# [Listed records]
• • • • •
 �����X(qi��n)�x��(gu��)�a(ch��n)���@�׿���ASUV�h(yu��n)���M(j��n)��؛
• • • • •
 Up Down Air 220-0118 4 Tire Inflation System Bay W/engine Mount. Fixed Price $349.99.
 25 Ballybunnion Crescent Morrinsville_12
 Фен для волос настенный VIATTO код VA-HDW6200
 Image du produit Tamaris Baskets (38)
• • • • •
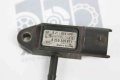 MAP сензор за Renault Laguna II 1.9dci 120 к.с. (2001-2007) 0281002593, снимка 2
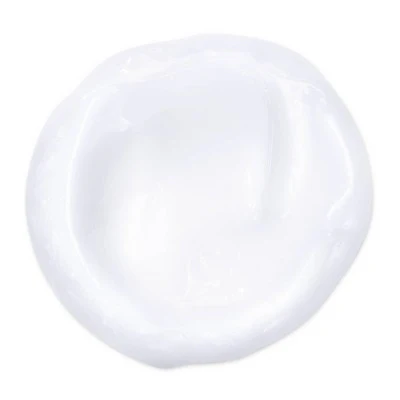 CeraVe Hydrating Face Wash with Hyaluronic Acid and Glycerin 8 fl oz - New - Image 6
• • • • •
# [Problem to solve]
Output only an exact transcription of the lines above from the one with "Фен для волос" up to and including the one with "Image du produit Tamaris Baskets (38)".

# [Answer to the problem]
 Фен для волос настенный VIATTO код VA-HDW6200
 Image du produit Tamaris Baskets (38)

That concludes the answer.